### What you should do
With the line that contains "WHO IS SUKI? Bold Pink Mesh" as the final line, return every line from the start of the data below exactly.

### Source information
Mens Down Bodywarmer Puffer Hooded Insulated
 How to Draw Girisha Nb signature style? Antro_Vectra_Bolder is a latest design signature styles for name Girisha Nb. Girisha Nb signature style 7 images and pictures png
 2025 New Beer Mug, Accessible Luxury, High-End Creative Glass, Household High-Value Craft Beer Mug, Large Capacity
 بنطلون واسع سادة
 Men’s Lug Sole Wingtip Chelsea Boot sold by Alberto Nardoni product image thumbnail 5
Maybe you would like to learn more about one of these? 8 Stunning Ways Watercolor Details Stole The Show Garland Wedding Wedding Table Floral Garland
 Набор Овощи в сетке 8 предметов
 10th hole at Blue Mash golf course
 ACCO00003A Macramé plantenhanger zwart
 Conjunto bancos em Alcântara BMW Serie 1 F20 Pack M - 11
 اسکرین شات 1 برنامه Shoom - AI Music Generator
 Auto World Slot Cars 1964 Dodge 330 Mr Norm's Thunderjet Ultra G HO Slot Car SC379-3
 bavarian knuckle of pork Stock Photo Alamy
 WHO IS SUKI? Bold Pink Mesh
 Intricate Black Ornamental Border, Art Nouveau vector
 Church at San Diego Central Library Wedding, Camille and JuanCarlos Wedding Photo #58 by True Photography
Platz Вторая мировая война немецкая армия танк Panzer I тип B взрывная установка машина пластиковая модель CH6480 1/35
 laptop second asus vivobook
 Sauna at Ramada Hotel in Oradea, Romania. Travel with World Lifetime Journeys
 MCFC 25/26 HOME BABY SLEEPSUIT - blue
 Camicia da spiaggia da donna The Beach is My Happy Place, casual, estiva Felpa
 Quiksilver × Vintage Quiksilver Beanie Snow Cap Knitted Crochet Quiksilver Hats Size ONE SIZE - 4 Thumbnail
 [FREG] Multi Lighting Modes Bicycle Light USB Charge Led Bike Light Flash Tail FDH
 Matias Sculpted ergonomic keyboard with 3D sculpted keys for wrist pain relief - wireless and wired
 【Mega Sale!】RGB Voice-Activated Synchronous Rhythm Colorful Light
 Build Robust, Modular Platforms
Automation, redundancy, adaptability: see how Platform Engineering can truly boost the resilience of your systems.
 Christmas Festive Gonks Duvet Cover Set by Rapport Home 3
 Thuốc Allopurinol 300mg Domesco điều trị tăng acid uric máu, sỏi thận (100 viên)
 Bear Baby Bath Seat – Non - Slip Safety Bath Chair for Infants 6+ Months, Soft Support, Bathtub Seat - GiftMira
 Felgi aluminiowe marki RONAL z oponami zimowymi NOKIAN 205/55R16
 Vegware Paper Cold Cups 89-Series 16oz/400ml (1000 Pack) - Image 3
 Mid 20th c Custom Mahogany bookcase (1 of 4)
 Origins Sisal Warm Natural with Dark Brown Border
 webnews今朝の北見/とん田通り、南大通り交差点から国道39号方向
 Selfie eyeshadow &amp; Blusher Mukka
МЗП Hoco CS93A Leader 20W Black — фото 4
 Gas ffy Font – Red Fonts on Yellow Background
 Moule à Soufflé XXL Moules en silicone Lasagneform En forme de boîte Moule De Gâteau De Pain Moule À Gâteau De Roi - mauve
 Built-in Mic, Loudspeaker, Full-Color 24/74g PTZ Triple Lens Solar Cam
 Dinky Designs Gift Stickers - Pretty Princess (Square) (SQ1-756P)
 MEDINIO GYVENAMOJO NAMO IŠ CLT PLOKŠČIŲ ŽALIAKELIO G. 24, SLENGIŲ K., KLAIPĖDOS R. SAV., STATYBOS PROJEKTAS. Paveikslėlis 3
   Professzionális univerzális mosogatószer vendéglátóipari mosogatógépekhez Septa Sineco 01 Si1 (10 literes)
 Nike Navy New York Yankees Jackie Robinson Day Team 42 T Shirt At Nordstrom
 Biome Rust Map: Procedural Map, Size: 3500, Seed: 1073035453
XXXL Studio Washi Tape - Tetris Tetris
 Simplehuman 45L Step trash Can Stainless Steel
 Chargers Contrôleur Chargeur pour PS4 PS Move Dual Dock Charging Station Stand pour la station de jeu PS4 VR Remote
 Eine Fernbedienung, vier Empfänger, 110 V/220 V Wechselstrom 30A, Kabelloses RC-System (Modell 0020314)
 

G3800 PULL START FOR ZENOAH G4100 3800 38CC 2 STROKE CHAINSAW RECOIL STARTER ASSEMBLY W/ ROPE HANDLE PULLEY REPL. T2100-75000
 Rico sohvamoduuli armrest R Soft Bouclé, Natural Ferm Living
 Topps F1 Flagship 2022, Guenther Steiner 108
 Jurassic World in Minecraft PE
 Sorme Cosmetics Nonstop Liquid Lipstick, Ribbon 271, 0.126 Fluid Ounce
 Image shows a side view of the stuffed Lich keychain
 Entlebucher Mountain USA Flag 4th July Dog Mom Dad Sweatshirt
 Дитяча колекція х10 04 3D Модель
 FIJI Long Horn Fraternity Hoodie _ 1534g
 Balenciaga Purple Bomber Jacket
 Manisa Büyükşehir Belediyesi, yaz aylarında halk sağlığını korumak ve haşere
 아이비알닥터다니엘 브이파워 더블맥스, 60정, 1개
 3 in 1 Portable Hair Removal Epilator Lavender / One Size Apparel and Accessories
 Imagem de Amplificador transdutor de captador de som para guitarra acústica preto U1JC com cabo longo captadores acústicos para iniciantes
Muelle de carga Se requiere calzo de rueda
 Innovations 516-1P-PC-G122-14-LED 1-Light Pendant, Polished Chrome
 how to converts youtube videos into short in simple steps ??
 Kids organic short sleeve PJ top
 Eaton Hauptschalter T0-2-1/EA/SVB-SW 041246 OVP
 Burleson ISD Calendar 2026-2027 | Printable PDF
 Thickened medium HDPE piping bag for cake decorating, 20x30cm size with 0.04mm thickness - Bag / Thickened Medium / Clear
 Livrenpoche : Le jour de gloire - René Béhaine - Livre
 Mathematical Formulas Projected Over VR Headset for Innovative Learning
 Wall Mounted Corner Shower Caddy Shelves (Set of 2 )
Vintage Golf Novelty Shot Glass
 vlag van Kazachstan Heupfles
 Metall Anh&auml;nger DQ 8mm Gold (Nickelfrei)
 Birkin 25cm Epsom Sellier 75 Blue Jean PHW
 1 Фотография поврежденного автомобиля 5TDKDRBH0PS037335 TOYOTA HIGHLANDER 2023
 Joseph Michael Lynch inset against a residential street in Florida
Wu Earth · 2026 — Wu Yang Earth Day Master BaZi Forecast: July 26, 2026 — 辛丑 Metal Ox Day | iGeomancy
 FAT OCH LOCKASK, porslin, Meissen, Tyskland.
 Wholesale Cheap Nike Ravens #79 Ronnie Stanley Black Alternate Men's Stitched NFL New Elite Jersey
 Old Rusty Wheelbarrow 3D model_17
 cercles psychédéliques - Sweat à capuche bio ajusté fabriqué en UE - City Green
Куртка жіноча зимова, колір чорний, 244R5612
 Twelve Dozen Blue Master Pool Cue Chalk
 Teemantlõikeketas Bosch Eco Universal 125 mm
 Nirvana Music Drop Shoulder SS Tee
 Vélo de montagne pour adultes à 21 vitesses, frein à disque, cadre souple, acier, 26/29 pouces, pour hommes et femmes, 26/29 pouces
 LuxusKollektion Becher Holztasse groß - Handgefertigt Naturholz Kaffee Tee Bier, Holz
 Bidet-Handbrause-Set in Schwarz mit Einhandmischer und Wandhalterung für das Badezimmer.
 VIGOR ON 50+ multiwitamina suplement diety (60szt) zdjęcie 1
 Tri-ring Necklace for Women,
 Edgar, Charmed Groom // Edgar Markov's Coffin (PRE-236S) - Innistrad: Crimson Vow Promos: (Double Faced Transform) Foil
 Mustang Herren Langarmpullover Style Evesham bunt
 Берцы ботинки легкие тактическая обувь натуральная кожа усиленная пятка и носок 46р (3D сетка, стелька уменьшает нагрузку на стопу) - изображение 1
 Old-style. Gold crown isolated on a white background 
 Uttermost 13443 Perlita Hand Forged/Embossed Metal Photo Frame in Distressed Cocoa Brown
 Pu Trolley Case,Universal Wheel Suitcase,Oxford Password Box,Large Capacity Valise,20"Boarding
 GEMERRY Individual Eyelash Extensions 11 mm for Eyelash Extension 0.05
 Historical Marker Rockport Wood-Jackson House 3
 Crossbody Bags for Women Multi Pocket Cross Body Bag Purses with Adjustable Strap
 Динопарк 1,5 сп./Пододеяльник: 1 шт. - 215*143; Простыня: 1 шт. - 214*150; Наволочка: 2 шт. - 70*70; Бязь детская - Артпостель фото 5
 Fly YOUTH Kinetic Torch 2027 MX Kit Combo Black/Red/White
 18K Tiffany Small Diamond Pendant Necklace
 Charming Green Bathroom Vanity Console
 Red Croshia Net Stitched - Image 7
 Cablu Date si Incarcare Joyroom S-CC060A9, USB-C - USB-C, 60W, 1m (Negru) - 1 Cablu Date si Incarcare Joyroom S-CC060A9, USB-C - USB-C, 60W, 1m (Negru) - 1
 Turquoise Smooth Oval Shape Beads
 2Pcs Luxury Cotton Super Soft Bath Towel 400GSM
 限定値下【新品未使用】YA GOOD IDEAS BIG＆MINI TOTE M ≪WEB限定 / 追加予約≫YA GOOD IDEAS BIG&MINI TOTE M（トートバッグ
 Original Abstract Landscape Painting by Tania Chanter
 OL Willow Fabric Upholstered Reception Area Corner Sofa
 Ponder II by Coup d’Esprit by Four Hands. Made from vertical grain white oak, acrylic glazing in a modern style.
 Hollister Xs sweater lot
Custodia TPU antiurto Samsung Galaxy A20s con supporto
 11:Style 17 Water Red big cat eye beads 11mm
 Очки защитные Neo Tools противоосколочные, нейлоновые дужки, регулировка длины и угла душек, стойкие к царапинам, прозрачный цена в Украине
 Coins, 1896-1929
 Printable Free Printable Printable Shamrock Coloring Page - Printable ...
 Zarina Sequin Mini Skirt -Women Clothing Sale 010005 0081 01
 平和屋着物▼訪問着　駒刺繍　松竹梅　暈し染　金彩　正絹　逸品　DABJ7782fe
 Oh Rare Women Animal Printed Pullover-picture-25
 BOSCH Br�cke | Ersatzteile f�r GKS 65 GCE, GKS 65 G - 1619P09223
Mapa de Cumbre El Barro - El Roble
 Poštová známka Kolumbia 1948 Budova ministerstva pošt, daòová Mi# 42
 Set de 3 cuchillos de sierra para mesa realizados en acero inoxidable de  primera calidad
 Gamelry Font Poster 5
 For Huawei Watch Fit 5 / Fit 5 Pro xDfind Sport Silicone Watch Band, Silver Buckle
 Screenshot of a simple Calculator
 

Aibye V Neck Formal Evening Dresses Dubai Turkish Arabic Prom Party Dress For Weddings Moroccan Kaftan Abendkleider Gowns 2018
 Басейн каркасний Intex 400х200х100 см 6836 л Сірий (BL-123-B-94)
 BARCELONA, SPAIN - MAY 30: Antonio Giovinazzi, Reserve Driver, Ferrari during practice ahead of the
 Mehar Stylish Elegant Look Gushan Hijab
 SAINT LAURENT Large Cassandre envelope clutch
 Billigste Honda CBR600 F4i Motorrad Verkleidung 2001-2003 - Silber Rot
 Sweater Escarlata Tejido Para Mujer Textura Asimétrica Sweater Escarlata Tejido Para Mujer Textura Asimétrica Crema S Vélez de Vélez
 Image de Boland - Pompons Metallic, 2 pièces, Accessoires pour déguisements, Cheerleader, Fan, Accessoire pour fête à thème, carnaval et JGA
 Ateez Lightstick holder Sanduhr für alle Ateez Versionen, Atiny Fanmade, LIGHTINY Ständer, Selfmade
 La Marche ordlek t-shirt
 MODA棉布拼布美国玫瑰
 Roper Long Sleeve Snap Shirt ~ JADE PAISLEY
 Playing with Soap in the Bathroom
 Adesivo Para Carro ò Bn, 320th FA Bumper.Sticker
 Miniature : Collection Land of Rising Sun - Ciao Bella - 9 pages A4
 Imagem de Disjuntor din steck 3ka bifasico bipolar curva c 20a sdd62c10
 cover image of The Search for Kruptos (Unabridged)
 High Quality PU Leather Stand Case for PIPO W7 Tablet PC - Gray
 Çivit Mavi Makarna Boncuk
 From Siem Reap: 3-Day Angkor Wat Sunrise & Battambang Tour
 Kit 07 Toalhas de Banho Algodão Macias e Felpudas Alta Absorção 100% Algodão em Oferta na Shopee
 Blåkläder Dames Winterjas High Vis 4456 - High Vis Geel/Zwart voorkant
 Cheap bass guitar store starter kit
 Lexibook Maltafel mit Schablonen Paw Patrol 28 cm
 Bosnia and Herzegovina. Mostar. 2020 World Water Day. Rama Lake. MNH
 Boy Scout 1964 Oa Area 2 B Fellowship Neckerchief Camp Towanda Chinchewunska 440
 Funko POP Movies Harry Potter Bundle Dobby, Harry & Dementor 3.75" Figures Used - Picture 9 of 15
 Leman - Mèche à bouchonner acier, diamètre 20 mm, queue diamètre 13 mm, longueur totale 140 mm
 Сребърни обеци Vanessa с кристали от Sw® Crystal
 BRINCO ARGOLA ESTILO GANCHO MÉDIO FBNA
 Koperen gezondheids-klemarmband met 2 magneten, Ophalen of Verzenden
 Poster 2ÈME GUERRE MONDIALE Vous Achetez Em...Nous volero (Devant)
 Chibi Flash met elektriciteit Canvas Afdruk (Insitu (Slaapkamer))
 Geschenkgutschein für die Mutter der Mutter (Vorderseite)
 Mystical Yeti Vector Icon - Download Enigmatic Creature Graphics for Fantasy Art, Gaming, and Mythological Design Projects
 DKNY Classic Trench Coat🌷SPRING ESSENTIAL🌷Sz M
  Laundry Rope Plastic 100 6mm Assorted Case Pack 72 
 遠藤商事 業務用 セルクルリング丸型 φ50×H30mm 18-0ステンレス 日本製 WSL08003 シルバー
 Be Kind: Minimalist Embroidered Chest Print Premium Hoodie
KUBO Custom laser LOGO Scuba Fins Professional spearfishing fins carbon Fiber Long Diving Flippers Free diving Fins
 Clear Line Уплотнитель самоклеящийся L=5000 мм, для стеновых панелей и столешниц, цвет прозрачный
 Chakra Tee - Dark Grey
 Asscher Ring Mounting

### Solution for this problem
Mens Down Bodywarmer Puffer Hooded Insulated
 How to Draw Girisha Nb signature style? Antro_Vectra_Bolder is a latest design signature styles for name Girisha Nb. Girisha Nb signature style 7 images and pictures png
 2025 New Beer Mug, Accessible Luxury, High-End Creative Glass, Household High-Value Craft Beer Mug, Large Capacity
 بنطلون واسع سادة
 Men’s Lug Sole Wingtip Chelsea Boot sold by Alberto Nardoni product image thumbnail 5
Maybe you would like to learn more about one of these? 8 Stunning Ways Watercolor Details Stole The Show Garland Wedding Wedding Table Floral Garland
 Набор Овощи в сетке 8 предметов
 10th hole at Blue Mash golf course
 ACCO00003A Macramé plantenhanger zwart
 Conjunto bancos em Alcântara BMW Serie 1 F20 Pack M - 11
 اسکرین شات 1 برنامه Shoom - AI Music Generator
 Auto World Slot Cars 1964 Dodge 330 Mr Norm's Thunderjet Ultra G HO Slot Car SC379-3
 bavarian knuckle of pork Stock Photo Alamy
 WHO IS SUKI? Bold Pink Mesh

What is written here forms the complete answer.